With the response that I got, I was just so happy because it’s very different from what I was doing and I think in the process… Every year when I write music, sounds slowly change and trends kind of change as well. I don’t know if I’m able to say this but I think I am, I feel like maybe the fans and the regular public didn’t really understand what was going on between my musical growth in between. It probably kind of was a smack in the face like, “Here’s a bunch of music! It’s all different now.” But everybody was very supportive of it and that’s why I wanted to make a tour around this mixtape.
This is my first solo tour in general and it’s going to be in the States. I just want to use this opportunity to, number one, put on a great show for the fans but also to get to know them, be more intimate with them, play with them. It’s been a long time since I toured and I’m just really excited about touring because it’s going to be fun. I’m doing it with friends too. The choreographer is a homie, the band are homies, I’m touring with Justin Park which is going to be freaking awesome. I’m just really excited. The whole crew is coming together, and we just want to put on a good show for everybody.
You mentioned that you feel people may not really know where you’re at right now musically, and you’re also in a state of flux right now between working in South Korea and the U.S.
Yea... So, kind of working back-and-forth is interesting because [laughs] there are these times I hate during the day because if I’m in LA, it hits around seven or eight PM. I hate my life. That’s when all of Asia wakes up and everyone’s texting me. So I’m just working later hours. And when I’m in Korea, I get texts really early in the morning or wake up really early in the morning for conference calls. It’s an adjustment. It’s definitely something that I can, [that] I’m able to handle, I think, due to just being a K-pop idol for so long. I’m pretty sure everybody knows how late the hours are in the K-pop industry. It’s just more now that I’m doing the logistic stuff, adulting very hard. It’s good. We’re just grinding right now. It’s hectic but it’s fun.
If someone introduced you as a K-pop idol right now, what would your reaction be?
I’m not going to deny it because it’s definitely where I started, where I began my career. An update to that is that I do other music as well. I’ve never been someone to be so serious about titles. I know my managers need a title, I know my publicist needs a title, or something. But I’m just Amber. Of course, my background will confuse a lot of people because I was born and raised in the States, I went to Korea, I spent 10 years in a K-pop group and doing solo work there and now I’m back in the States. I kind of set myself up for that since I do everything. But when people call me a “K-pop idol,” yea, if you want to call me that go ahead. But I’m just Amber. I’m an artist. I speak different languages. I guess if people just keep it at that there’s really no bad way to say what I do. I just do a lot of things. That’s what I should say in interviews. “Hi, my name is Amber. I do a lot of things.”
Will you focus on English music or do you think you’ll release music in other languages?

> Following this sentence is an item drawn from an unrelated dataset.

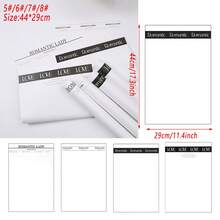 Aimall 100 Pcs Flower Bouquet Wrapping Paper Flower Bags Sleeves For Bouquets Kraft Paper Floral Wrap Bags Flower Bouquet Supplies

Oh, [I’m] definitely going to release music in other languages. I feel like me growing up as a second-generation Chinese kids in the States– my mom doesn’t speak English. I didn’t grow up speaking Mandarin. I didn’t speak it at all. I always had this disconnect with my mom because of the language barrier. It would always just be really simple Chinese. “Mom, can I eat?” “Can I go here?” “Can you drop me off?” And when I went to Korea– the last people you want to call are your parents when you’re in trouble or having a hard time. I remember 2012, 2011, or 2013– in that span– I was just so out. My mind was just done. I was like, “I need to call my mom because I know she will understand.” My mom is the sweetest person I’ve ever met. She will never hurt a fly. She’s been 150% supportive of everything I’ve done. She’s never said “No” to anything, she just says, “If you want to do it, work hard and go do it.” My dad is more like, “I worry about you.” My dad’s a total dad. My mom’s 100%, “If it makes you happy, go do it.” So going back to that 2011-2013-ish of my life, I was like, “Let me call my mom.” I remember talking in my broken Chinese to her for two hours at five in the morning. It just made me realize how much language is so important to people and how it connects people.
I don’t want to lose that connection with people, and that whole experience with my mom isn’t just like, “Oh, just because I can speak it I’m going to sing in it.” There’s that connection that I have, language. I’ve met some of my best friends in Korea who only speak Korean. I’ve met some of my best friends who only speak Mandarin. There’s people in Japan– I barely speak any Japanese but I’m totally cool with them because we just talk body language. I never want to lose that connection. I have ambition to try and speak every language in the whole world, that’s totally not possible for me. I’m going to try. See what happens.
Both songs are about internal turmoil, so if you don’t mind me asking, last October, you posted on Instagram about one of the most tumultuous social phenomenons of our time, #MeToo. You wrote that you wanted to add your voice as well. Why was it so important for you to speak up, and what does it mean for you coming from the Korean music world?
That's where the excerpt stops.